▶ Records shown:
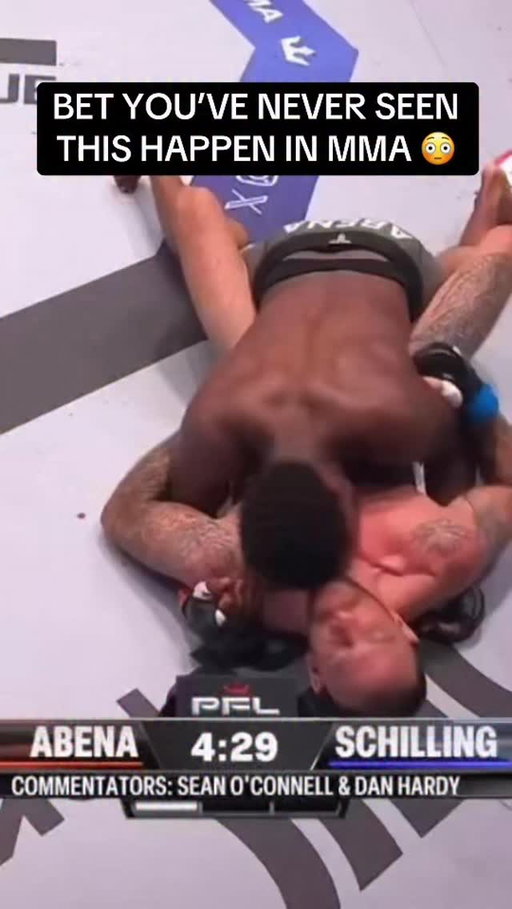 Joe Schilling was headbutted then decided he wasn’t getting a fair shake from the ref, so he ended the fight himself 👀 #PFLBrussels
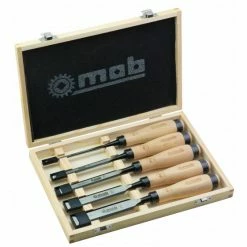 COFFRET BOIS 5 CISEAUX SCULPTEUR BOIS MOB - 7000200001MOB OUTILLAGE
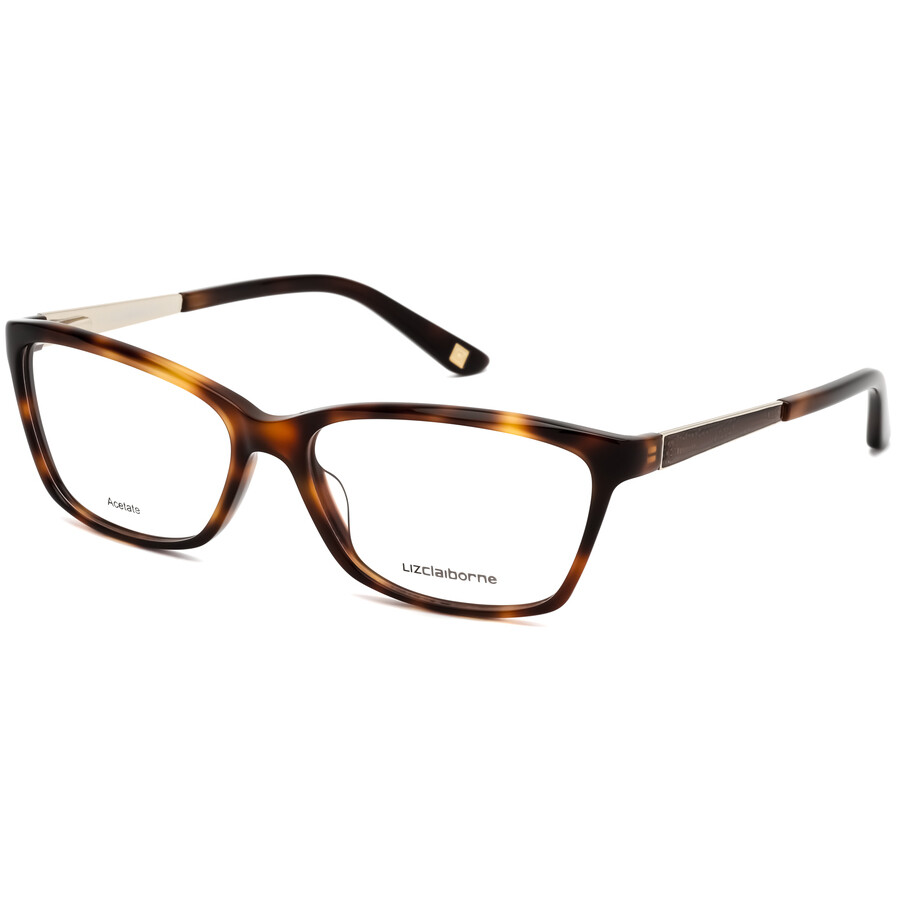 Liz Claiborne Ladies Brown Rectangular Eyeglass Frames L6460WR954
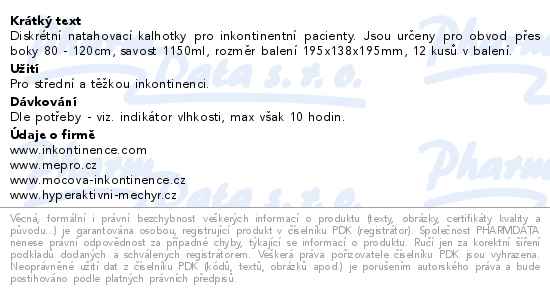 iD Discreet Pants pro muže Medium Super modré 12ks - popis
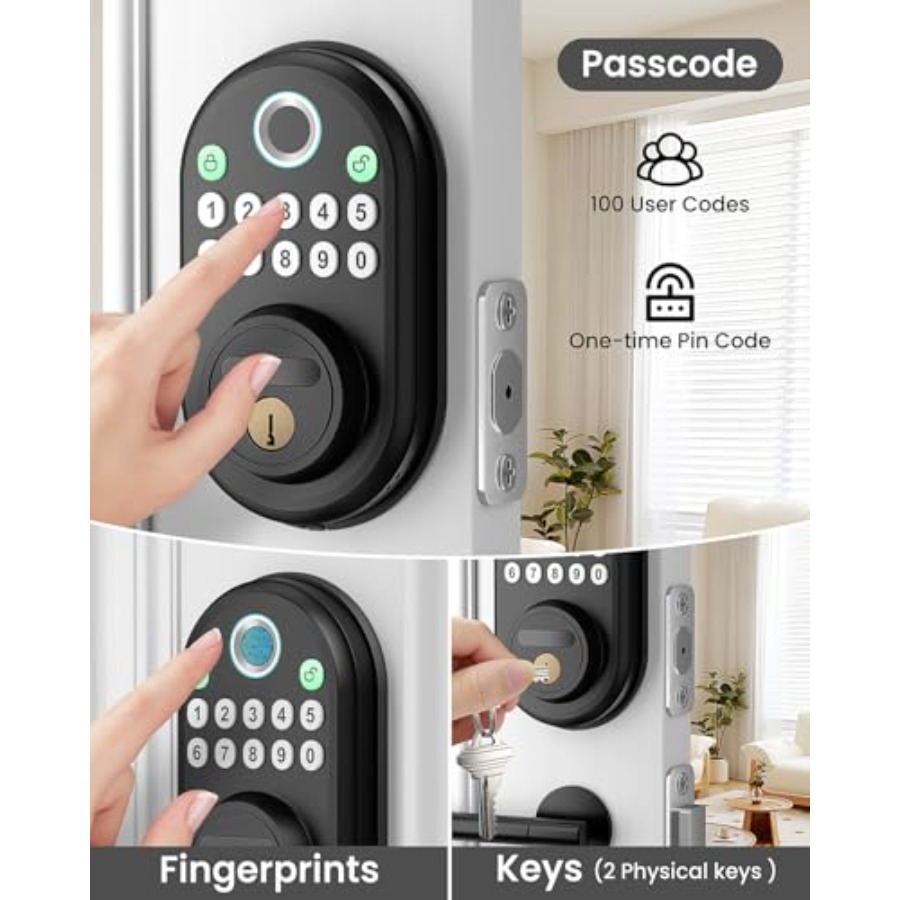 Front Door Fingerprint Door Lo – обзор и цена Door Lock Smart Keypad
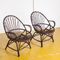 Fauteuils en Rotin, France, 1970s, Set de 2 2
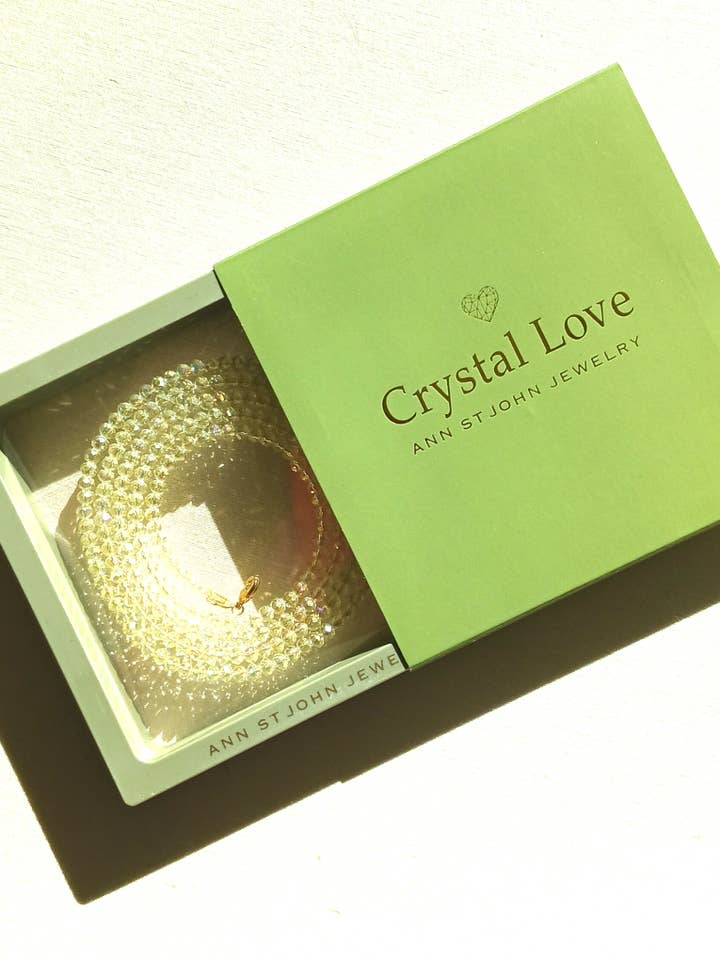 Collier en Perles de Verre - Verre Recyclé Fait Main pour la vente par Crystal Love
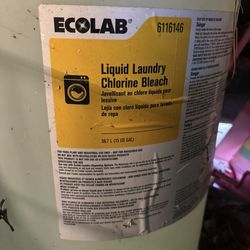 Eco-lab Liquid Laundry Chlorine Bleach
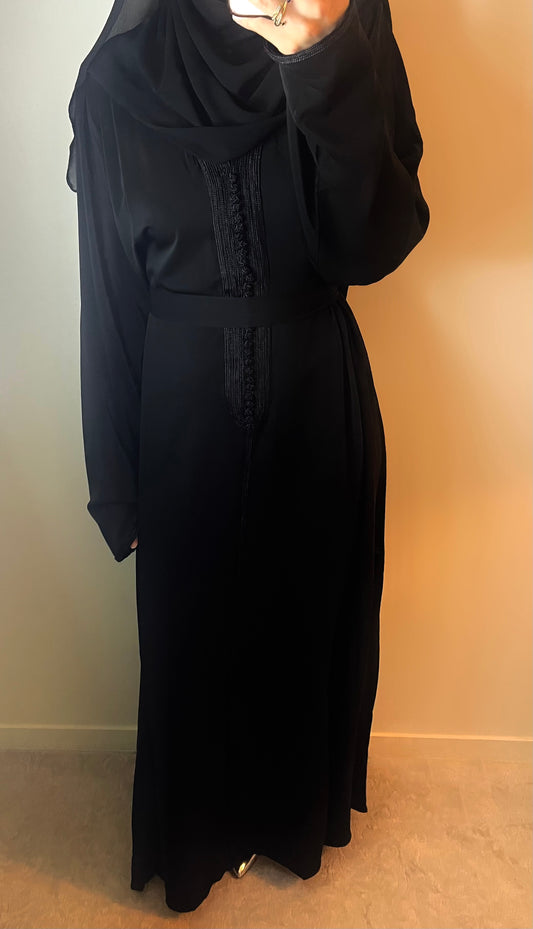 ROBE CAFTAN (NOIR)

▶ Problem: Give back exactly the lines of the listing above from the one that contains "COFFRET BOIS 5" up to and including the one that contains "Fauteuils en Rotin, France, 1970s, Set", but not the pictures, and no other lines.

▶ Solution for this task:
 COFFRET BOIS 5 CISEAUX SCULPTEUR BOIS MOB - 7000200001MOB OUTILLAGE
 Liz Claiborne Ladies Brown Rectangular Eyeglass Frames L6460WR954
 iD Discreet Pants pro muže Medium Super modré 12ks - popis
 Front Door Fingerprint Door Lo – обзор и цена Door Lock Smart Keypad
 Fauteuils en Rotin, France, 1970s, Set de 2 2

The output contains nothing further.